P/1 – É um plano nacional?
R – É um plano nacional.
P/1 – Um plano de todas as fábricas, todos os programas?
R – É, temos a gestão que é feita pela nossa área e como área corporativa, mas quando a planejamos, planejamos [nível] Brasil, então, ele está ligado a essas metas de longo prazo. O meu departamento tem um papel como departamento dentro de uma área, que tem um papel dentro do mercado, entendeu? Então a Nestlé Brasil tem um objetivo que a minha área contribui de algum jeito, então ele vai como área, como departamento, como área e como mercado, isso tudo é conectado, é super planejado. Todo mundo sabe o que queremos e planejamos, aí acompanhamos e toda a equipe fica alinhada para atingirmos aquele resultado.
P/1 – Qual que é o resultado desse programa, desses 15 anos, para o Brasil?
R – Temos um resultado de um milhão e 900 mil crianças no total desses 15 anos, o desafio é continuar, temos uma meta a cumprir até 2016, que é ampliar esse número para três milhões de crianças no Brasil, com monitoramento e com avaliação. São quase 17 mil professores e seis mil escolas, então as metas estão traçadas para o crescimento do programa, temos alguns desafios internos para continuar evoluindo, para continuar inovando, para continuar mostrando. O Nutrir é um bom exemplo, estruturado, sólido, não é uma coisa do movimento da responsabilidade social porque tem 15 anos, não é um marketing de responsabilidade social, é uma história que a companhia tem com o povo brasileiro. E o Nutrir é um dos bons exemplos que temos de que é possível você estabelecer esse relacionamento para além do lucro. A nossa contribuição de responsabilidade mesmo
não é só vender produto, não é só ganhar dinheiro e gerar dinheiro para os acionistas. Temos uma coisa que é maior do que isso e que acho que o consumidor também está olhando um pouco para isso, sabe: “Tá bom, o que você está fazendo para melhorar o mundo?” e não é melhorar o mundo numa coisa filantrópica. Acho que tem um movimento legal acontecendo no mercado, que o consumidor está olhando mais para isso, que está todo mundo mais atento a essas questões, é isso.

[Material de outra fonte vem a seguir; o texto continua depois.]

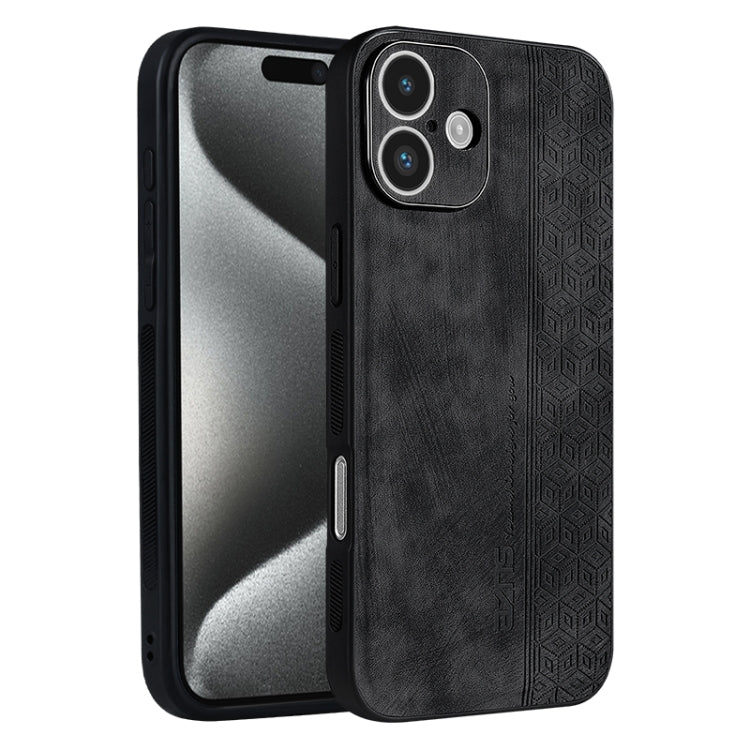 AZNS 3D Embossed Skin Feel Phone Case, For iPhone 16, For iPhone 15 Pro Max, For iPhone 15 Pro, For iPhone 15 Plus For iPhone 16 Black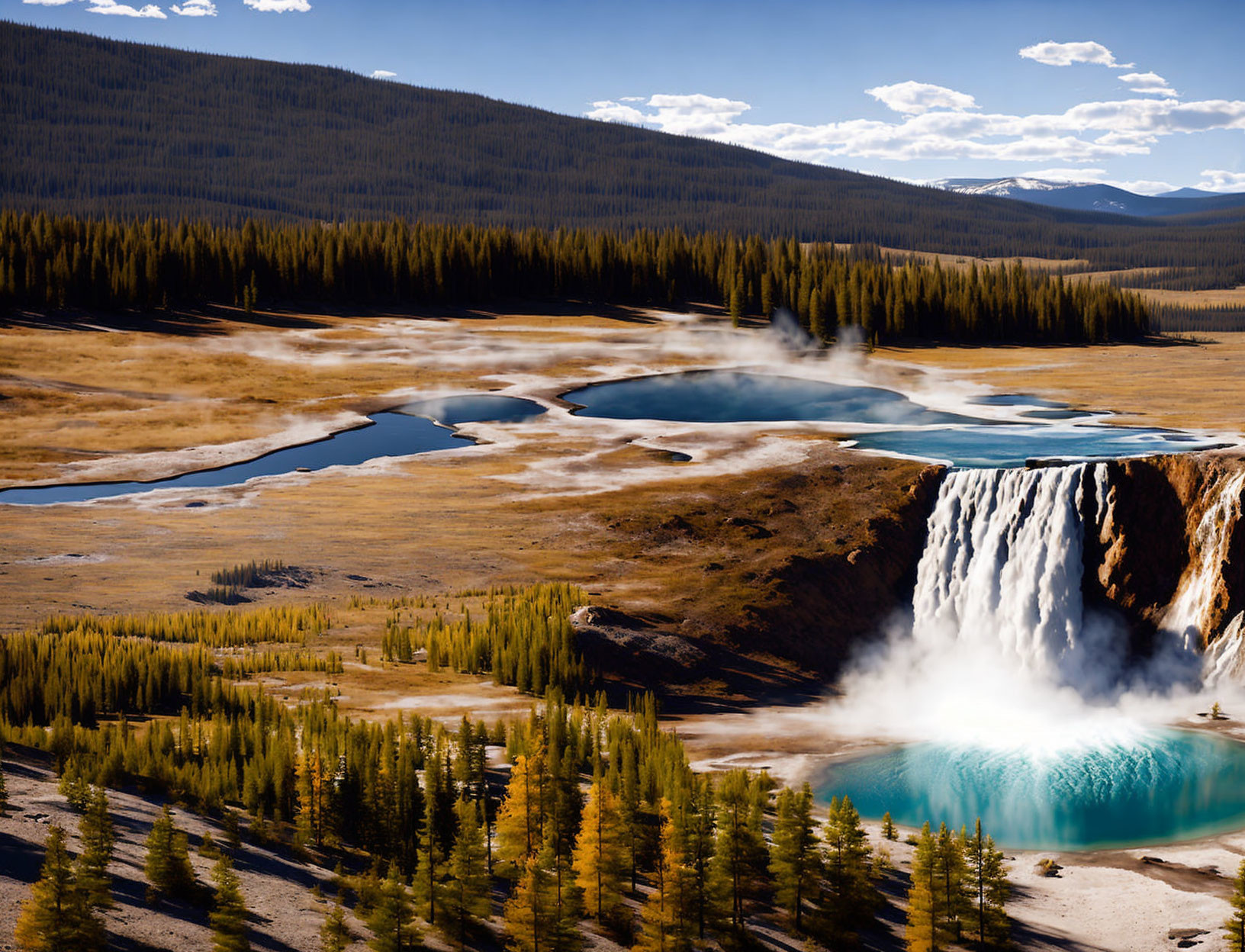 Vibrant landscape: waterfall, steam, turquoise pool, autumn trees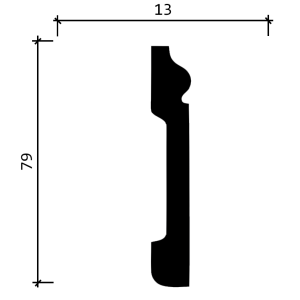 Плинтус Decor Dizayn DD005 13х79х2000 мм (пог. м)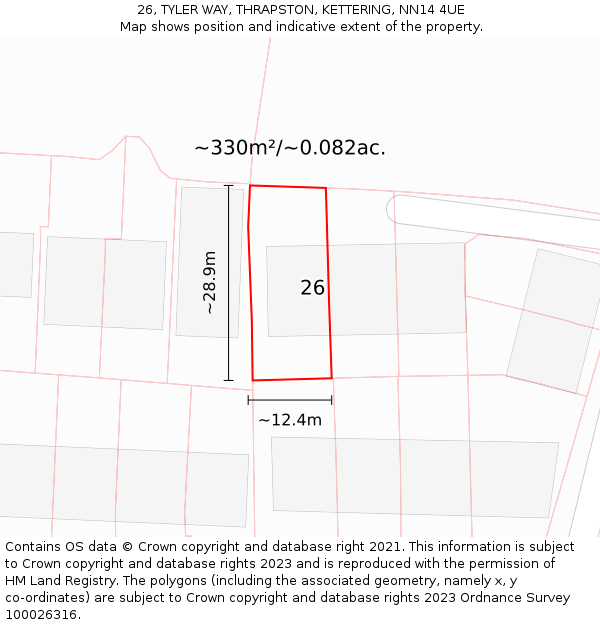 26, TYLER WAY, THRAPSTON, KETTERING, NN14 4UE: Plot and title map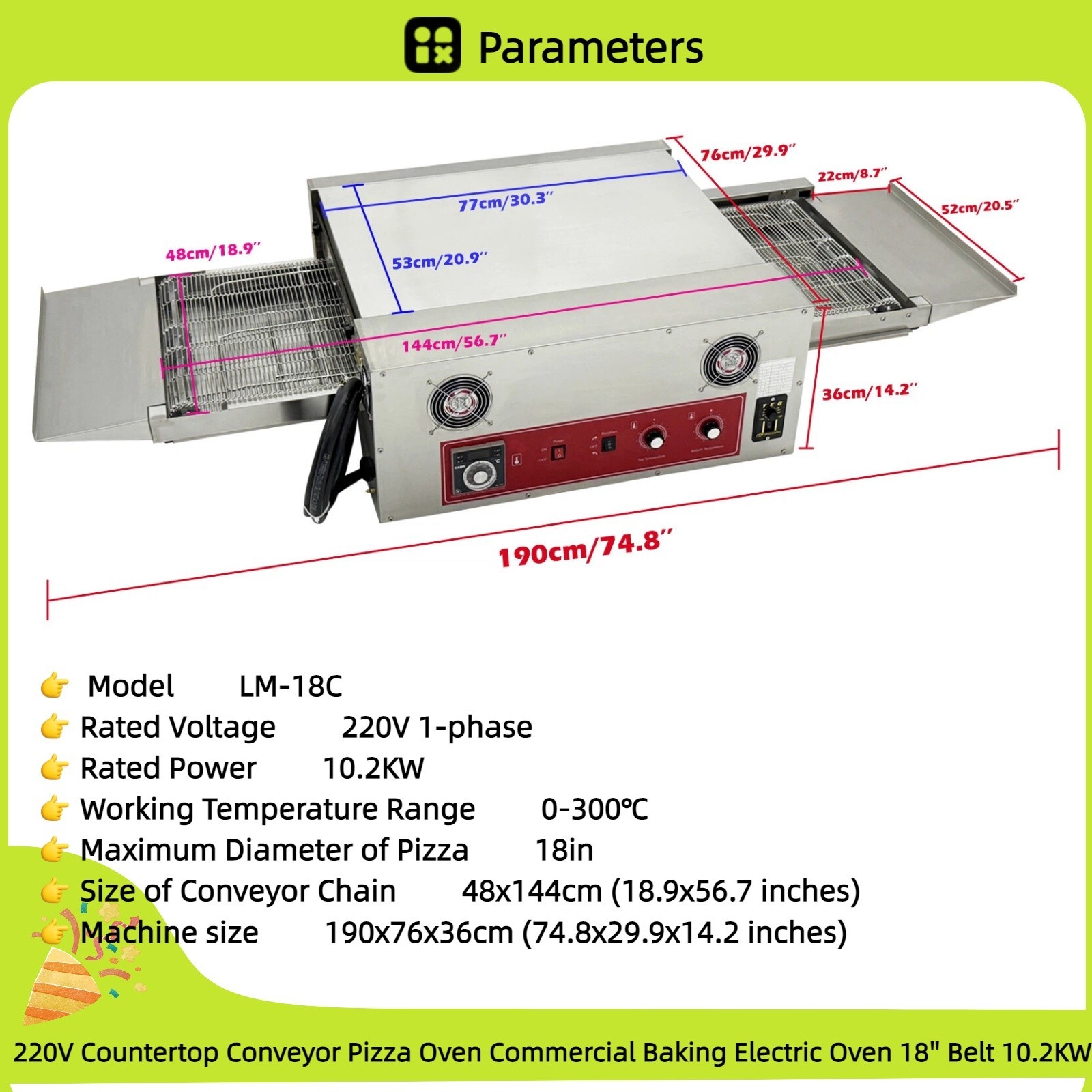 220V Countertop Conveyor Pizza Oven Commercial Baking Electric Oven 18” Belt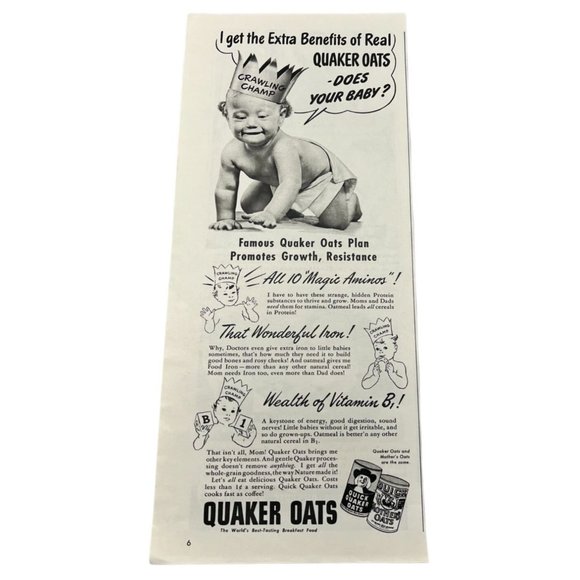 Vintage 1948 Print Ad Quaker Oats Crawling Baby Best Breakfast Food Original Ad - Picture 1 of 5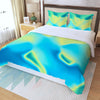 Yellow Blue Hues Ombre Iridescence Holographic Abstract Cloud Print Three Piece Duvet Cover Set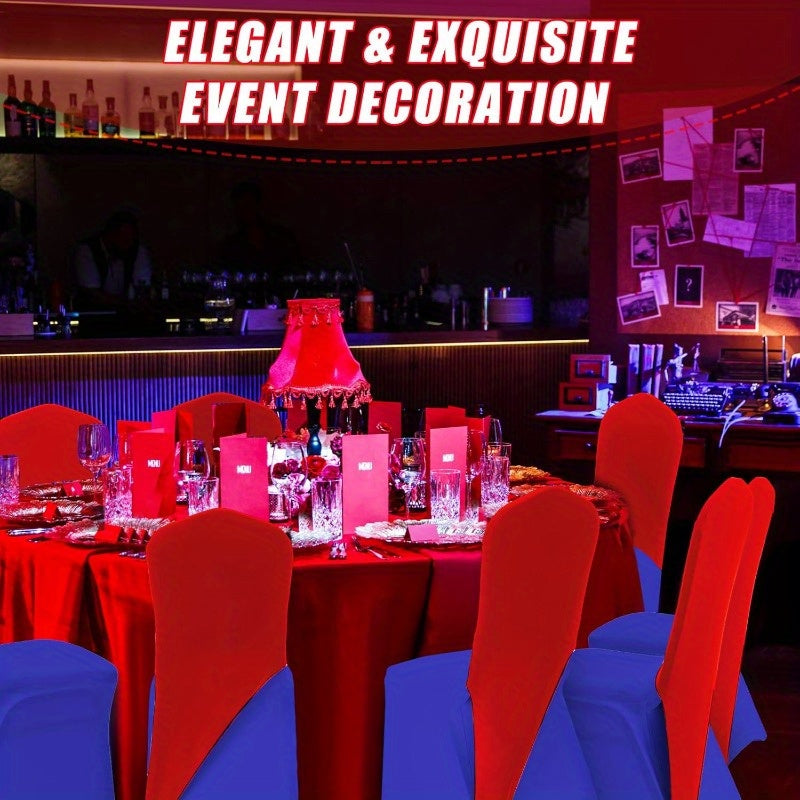 10pcs Stretch Spandex Chair Cap Covers - Elastic Band Chair Toppers for Weddings, Parties & Events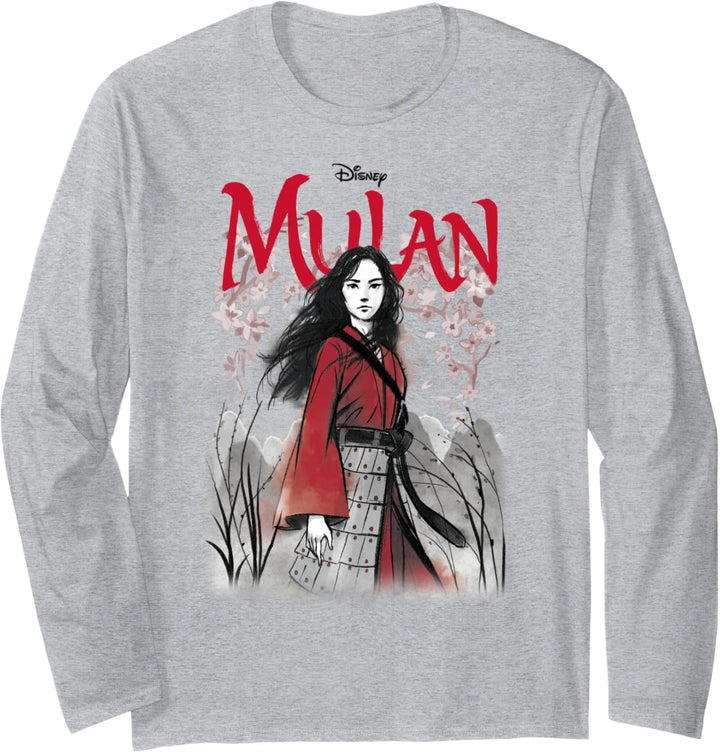 Disney Mulan Live Action Mulan Floral Watercolor Logo Langarmshirt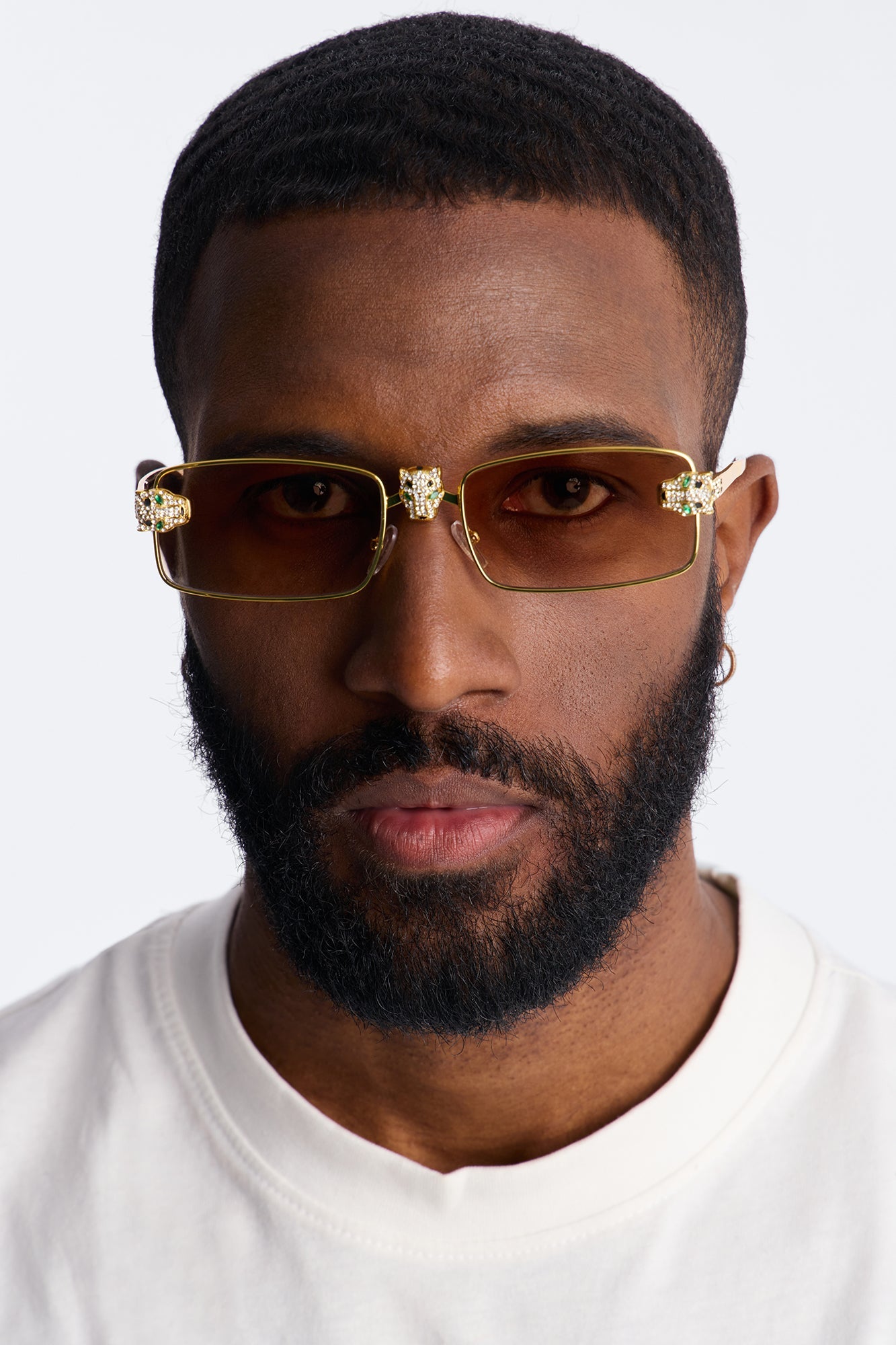 Iced Panther Rectangle Metal Sunglasses - Gold/Brown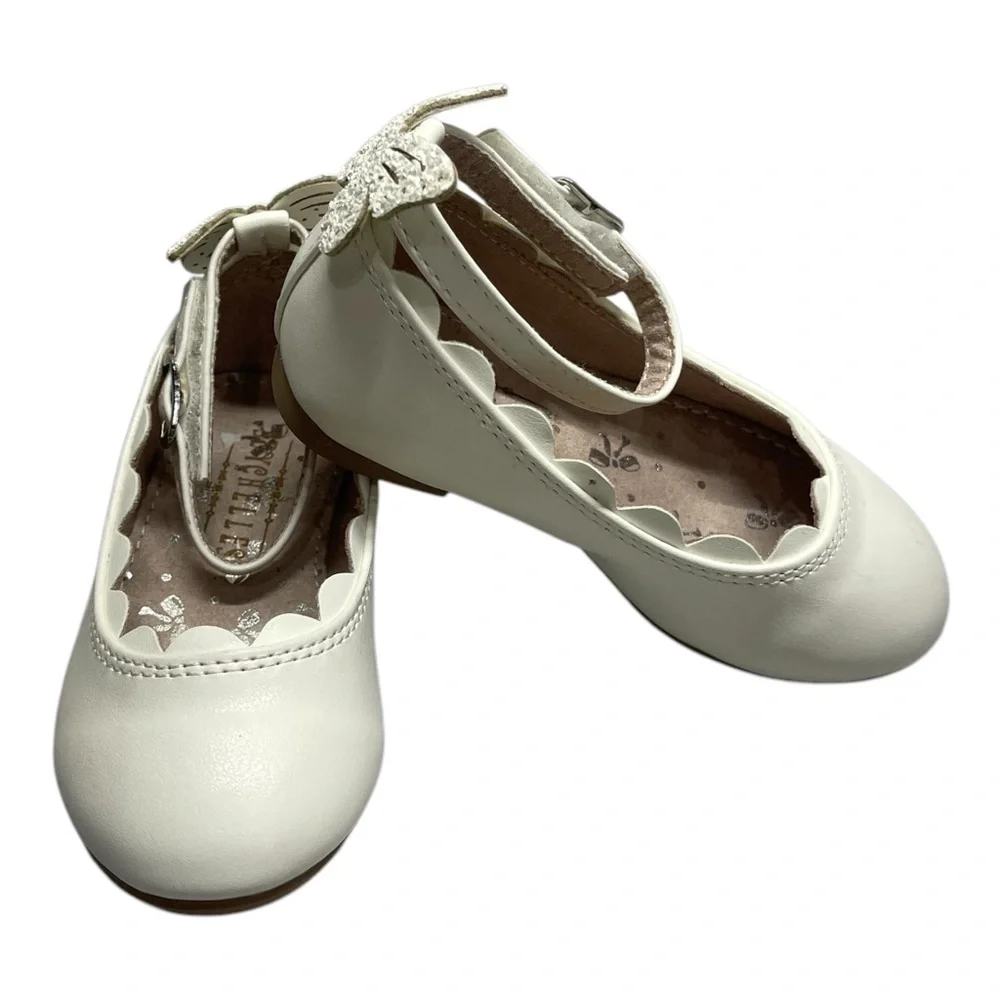 Seychelles White Toddler Girls Butterfly Strap Flats Size 6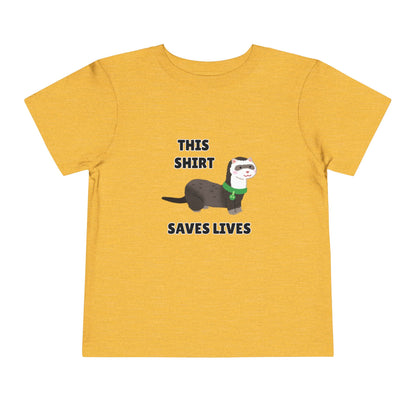Toddler Sizes: This shirt Saves Lives Tee with Fun Ferret Design - Cute Short Sleeve Shirt, Animal Rescue, Animal Adoption, Kids Apparel, Gift for Animal Lovers, Playtime Wear
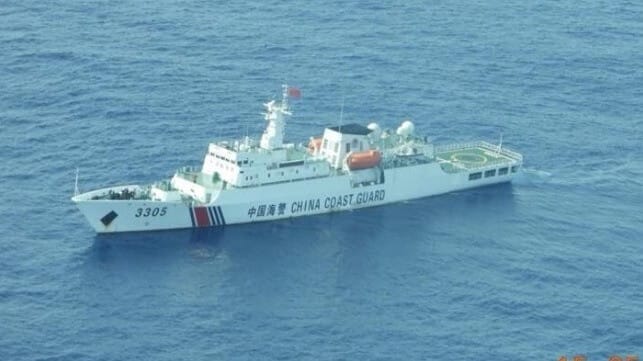 A China Coast Guard cutter waits near Scarborough Shoal ahead of the convoy, May 15, 2024 (Philippine Coast Guard)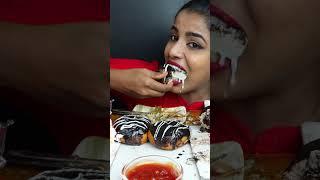 ASMR Eating Chocolate Truffle Cake,Donut,Strawberry Vanilla Ice Cream Cake ASMR Eating Mukbang Video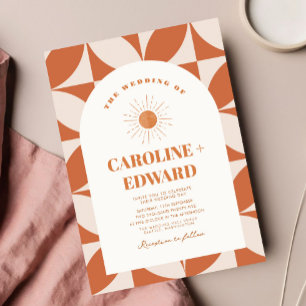 レトロカラフルSun Wavy Boho結婚のQrコード 招待状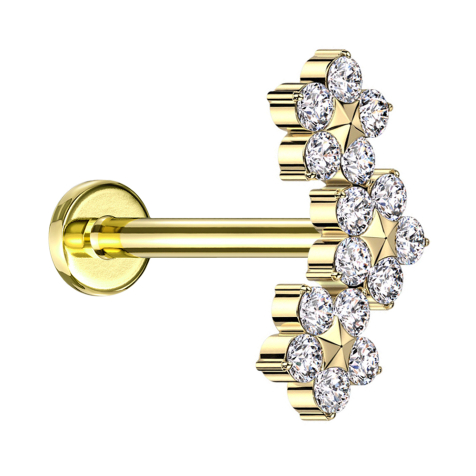 Micro Labret Innengewinde vergoldet drei Blumen mit Stern Kristalle silber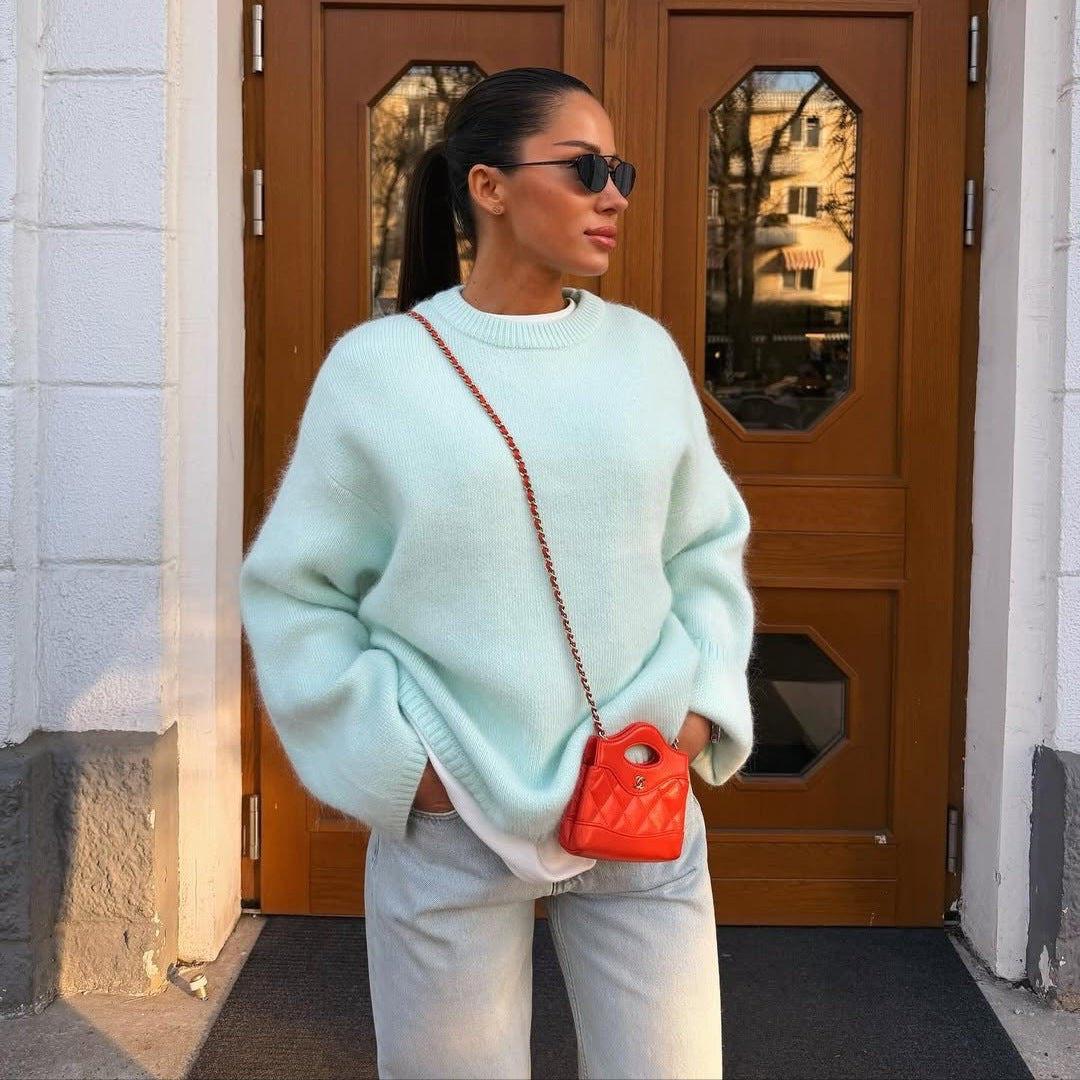 Pullover Damen mit Rundhalsausschnitt und lässigem Schnitt - 7 - Trendlinie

P/1 – E você, Monica, tem algum sonho nessas escolhas todas que você fez?
R – Um monte de sonho, graças a Deus, (risos). Somos movidos a sonhos, às vezes até o desafio é aterrissar, porque, como disse, tem meta, tem planejamento, tenho que dar resultado, e às vezes vamos muito no sonho. Eu acho que o sonho ajuda, para mim é base, tem que sonhar porque senão fica chato, mas de vez em quando tem que aterrissar. O desafio é falar: “Bom, tem que entregar, não viaja tanto, volta porque tem planejamento, tem resultado”, tenho um monte de sonho, graças a Deus.
P/1 – Monica, obrigada pela sua entrevista.
R – Obrigada você.
P/1 – Obrigada por você ter vindo aqui, dar esse tempo, que foi tão importante para o programa.